- Exercise -
Everything from the line that contains "Mondaine ladies watch" through the final line of the records below should be quoted exactly, except the pictures.

- The data -
----------------------------------------

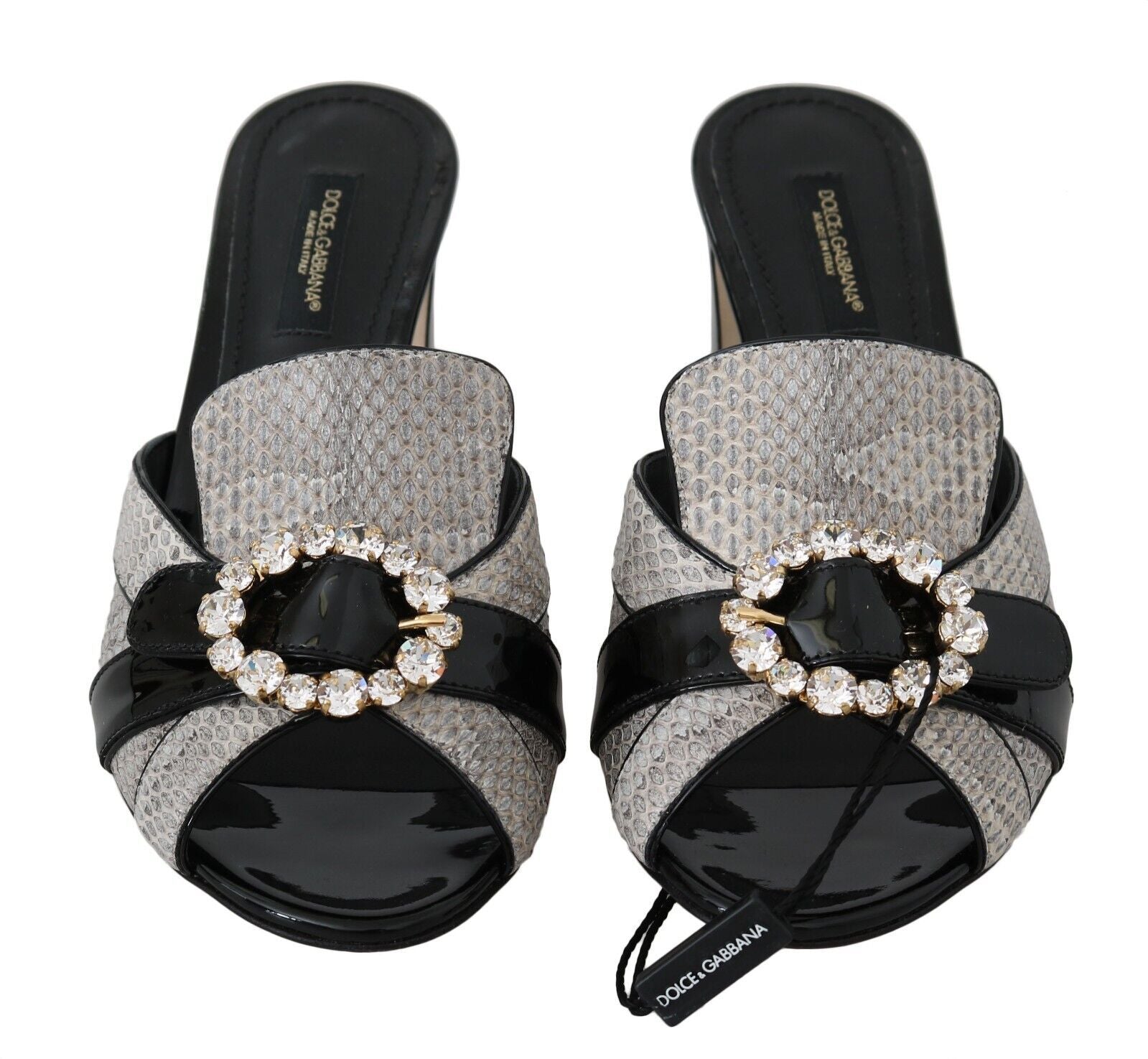 Pair of women's sandals with glittery straps and a round embellishment on each foot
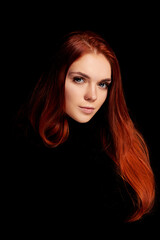 Fototapeta premium Redhead girl with long hair contrast art portrait. Perfect woman on black background. Gorgeous hair and beautiful eyes. Natural beauty, clean skin, facial care and hair. Strong and thick hair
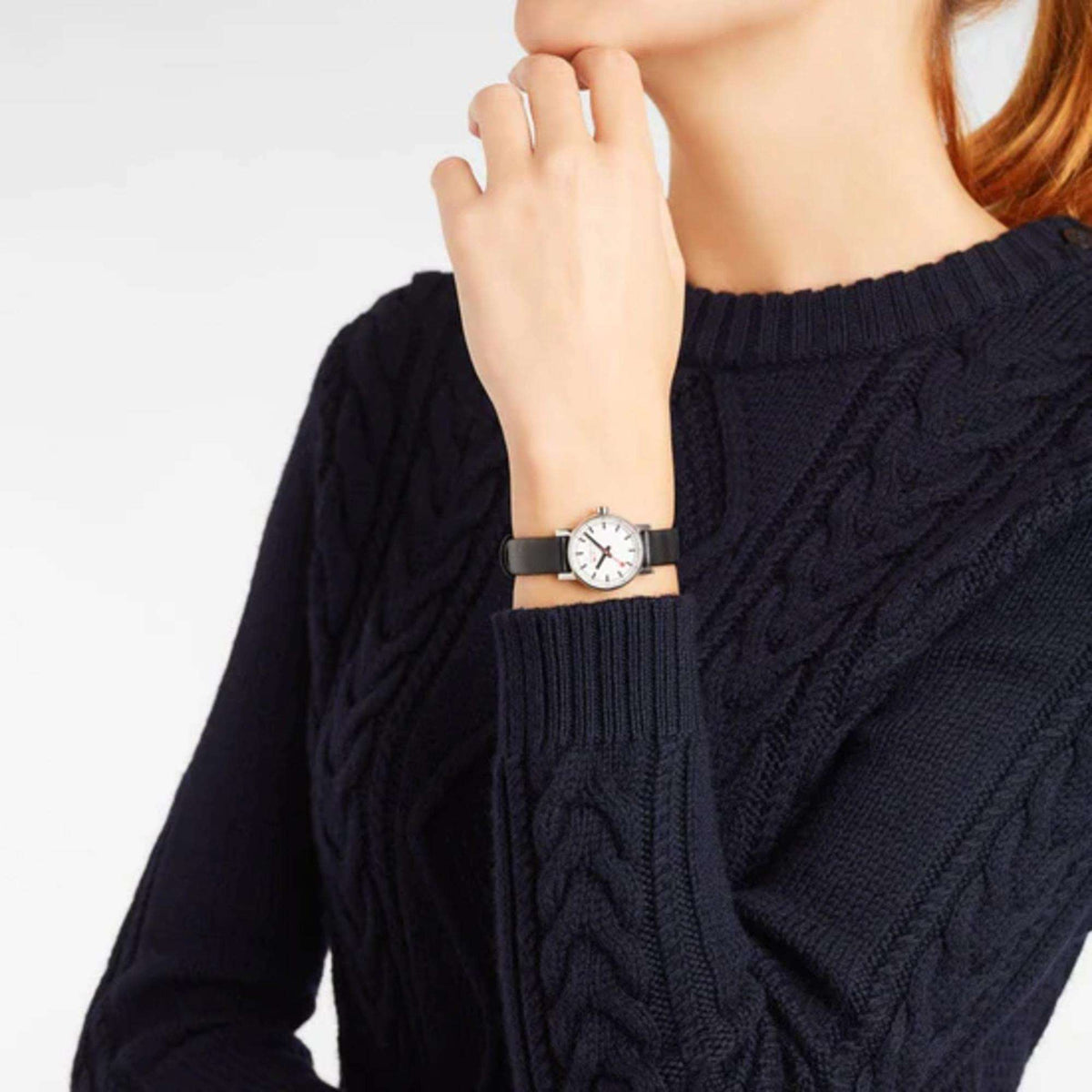 Mondaine ladies watch on wrist, black leather strap and white dial with red seconds hand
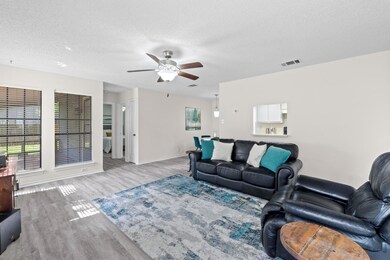 Living room with wood finished floors, ceiling fa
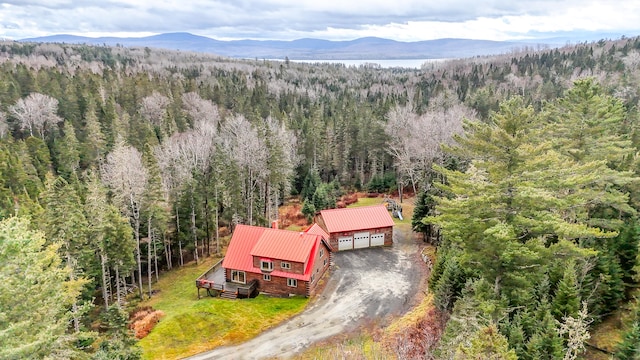 drone / aerial view featuring a mountain view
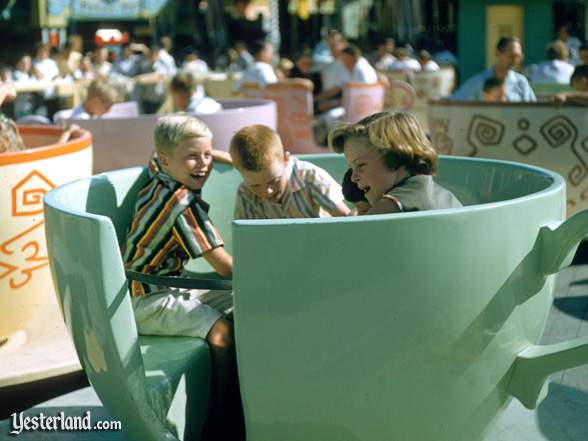 Photo of Mad Tea Party with children spinning a green cup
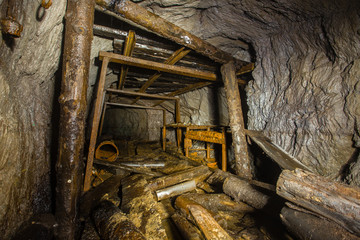 Fototapeta na wymiar Underground abandoned ore mine shaft tunnel gallery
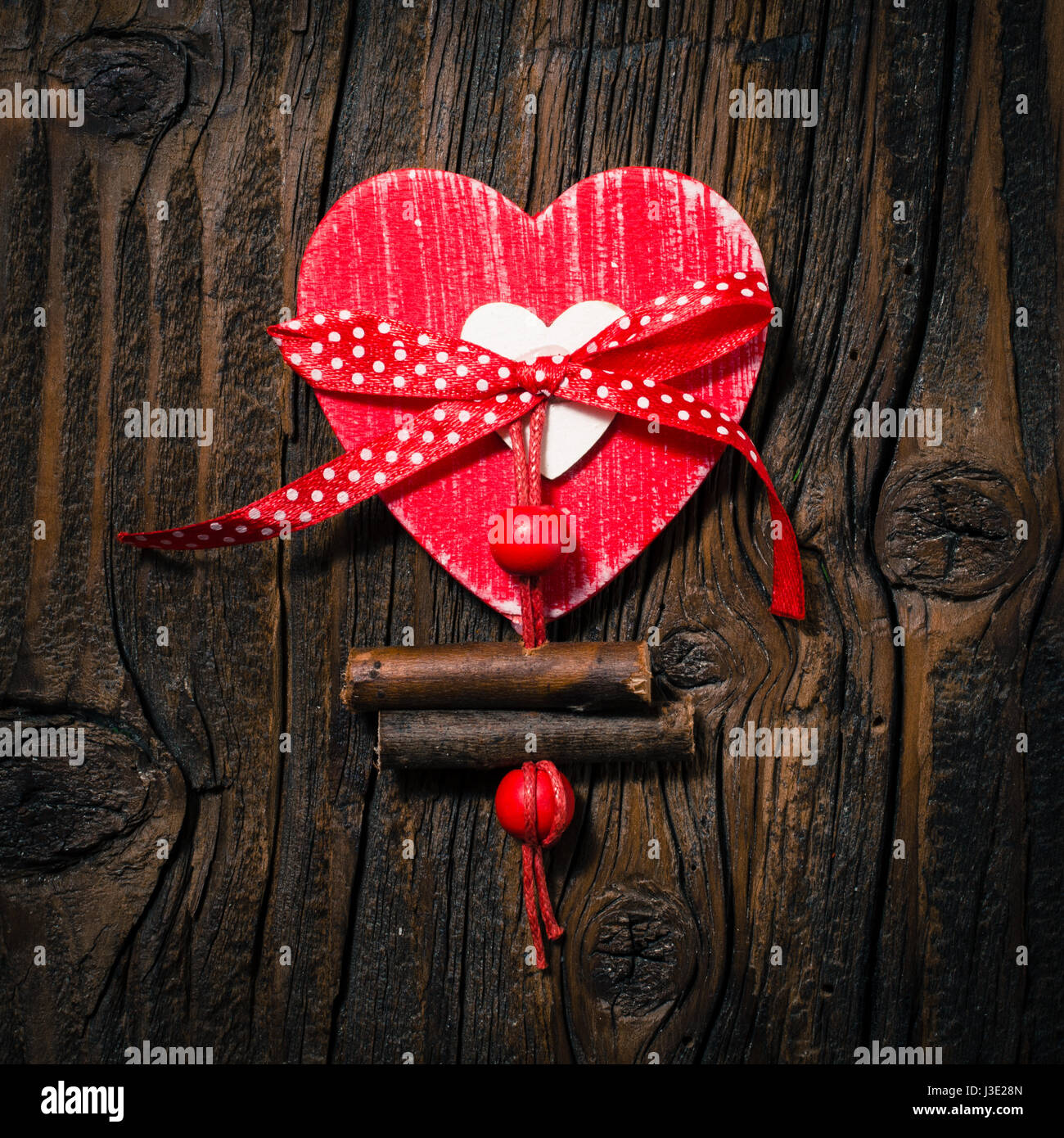 Red heart on an old wooden background Stock Photo - Alamy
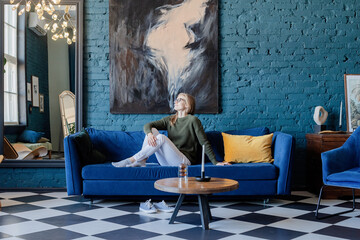 Obraz premium Young woman sitting on coach in stylish living room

----------------------------------------

- The completed task -
 Mondaine ladies watch on wrist, black leather strap and white dial with red seconds hand
 Living room with wood finished floors, ceiling fa
 drone / aerial view featuring a mountain view
 Photo of Mad Tea Party with children spinning a green cup
 Fototapeta na wymiar Underground abandoned ore mine shaft tunnel gallery
 Red heart on an old wooden background Stock Photo - Alamy
 Obraz premium Young woman sitting on coach in stylish living room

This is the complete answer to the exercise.